Radio Days Review

Radio Days
As Little Joe and the extended family that lives with his parents rely on the radio to get them through the daily trials of life in Second World War Brooklyn, cigarette girl Sally White moves inexorably up the showbiz chain and becomes a celebrated gossip columnist.

by David Parkinson |
Published on
Release Date:

14 Jun 1987

Running Time:

85 minutes

Certificate:

PG

Original Title:

Radio Days

Around a third of the material in this delightful domestic memoir was salvaged from Annie Hall, after rewrites shifted the emphasis away from Alvy Singer and his New York past. However, this is much more than an exercise in thrifty recycling.

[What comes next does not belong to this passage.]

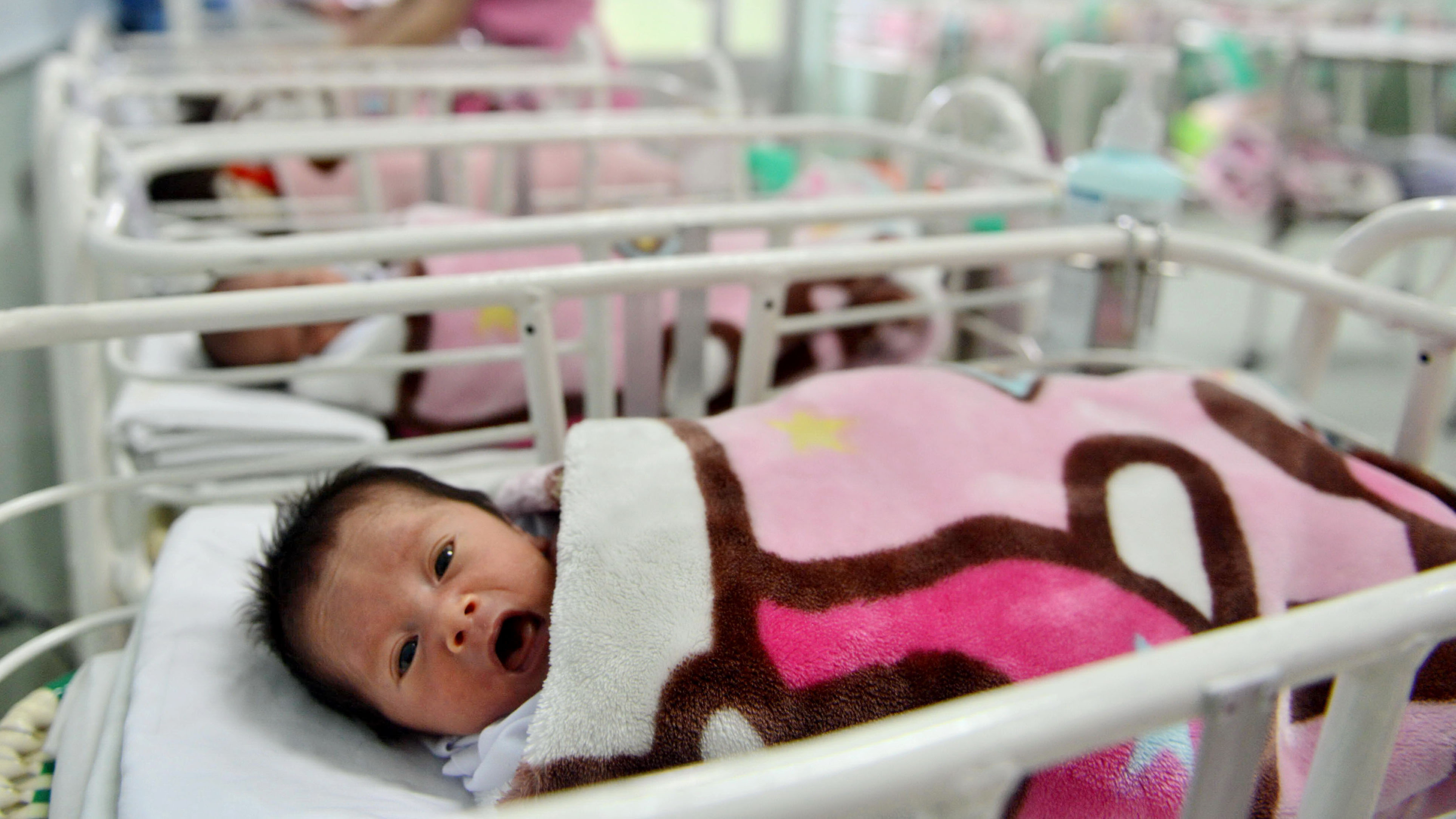 ​Vietnam scraps planned parenthood in revised population policy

    Structurally, Radio Days was one of Woody Allen's most complex films, as around 150 characters (there were 220 before he began editing) populate the various storylines, subplots, flashbacks, cutaways and digressions. Indeed, the action has the feel of a novel, which is reinforced by Woody's voice-over narration. Yet, it is also highly cinematic, as Allen makes evocative use of the contrasting interiors of the radio station, the nightclubs and the crowded family home to create neighbouring worlds that collided only through the airwaves.

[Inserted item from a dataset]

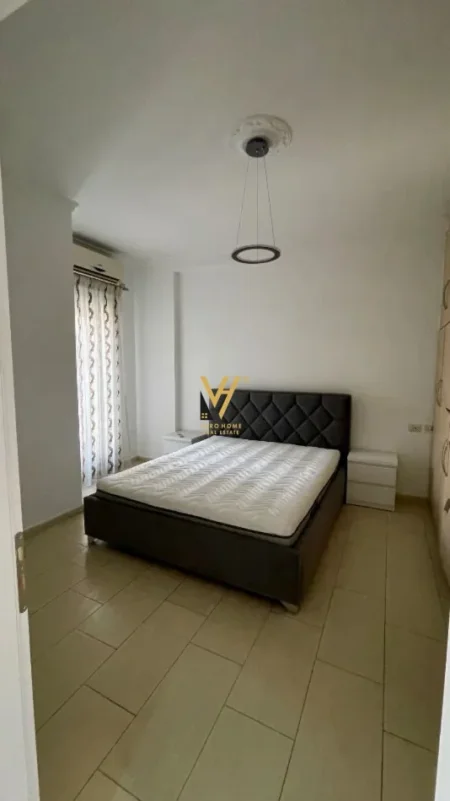 Tirane, jepet me qera apartament 1+1+Ballkon Kati 4, 70 m² 800 € (RRUGA HIM KOLLI)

    This is also one of Allen's least judgemental pictures, as he borrows Jean Renoir's forgiving humanism to allow everyone their reasons for actions that are more a product of an environment shaped by ethnicity, history, impecunity and the media than any baser motives. Indeed, Allen had hoped to introduce his characters in the manner Renoir had employed in La Règle du Jeu, but the complexity of the sequence eventually persuaded him to settle for an accompanying commentary.

    Chance and coincidence similarly play their part in shaping destinies, most notably Sally's, although Allen intimates with the mirror shot that she might have made use of other oral talents than eloquence to secure her radio slot.

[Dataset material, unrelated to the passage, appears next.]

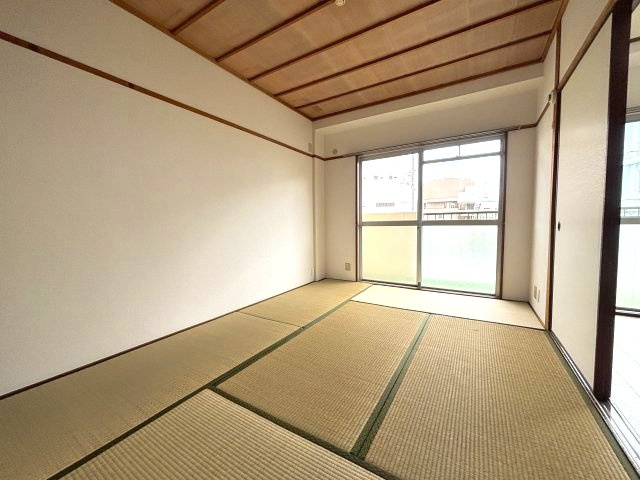 浅野マンションの和室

    Naturally, the proceedings are bathed in rose-tinted nostalgia. But Allen could still highlight the transience of celebrity and the triviality of much of the radio output in exploring the extent to which the medium dominated people's lives. Fondly lampooning the quizzes, soaps, sportscasts, comedy hours, news bulletins and kids shows of the period, he showed how the grown-ups took ephemera like Roger and Irene's tittle-tattle as seriously as Joe treated the Masked Avenger and Biff Baxter. Moreover, he also highlighted the popularity of novelty tunes rather than the hits from the American Songbook that usually punctuated his soundtracks.

     A rare box-office success Stateside, the film returned $16m on Orion's $6.4m outlay.

Humane and perceptive memoir from Allen, with a pleasant visual nostalgia and the usual slew of impressive performances.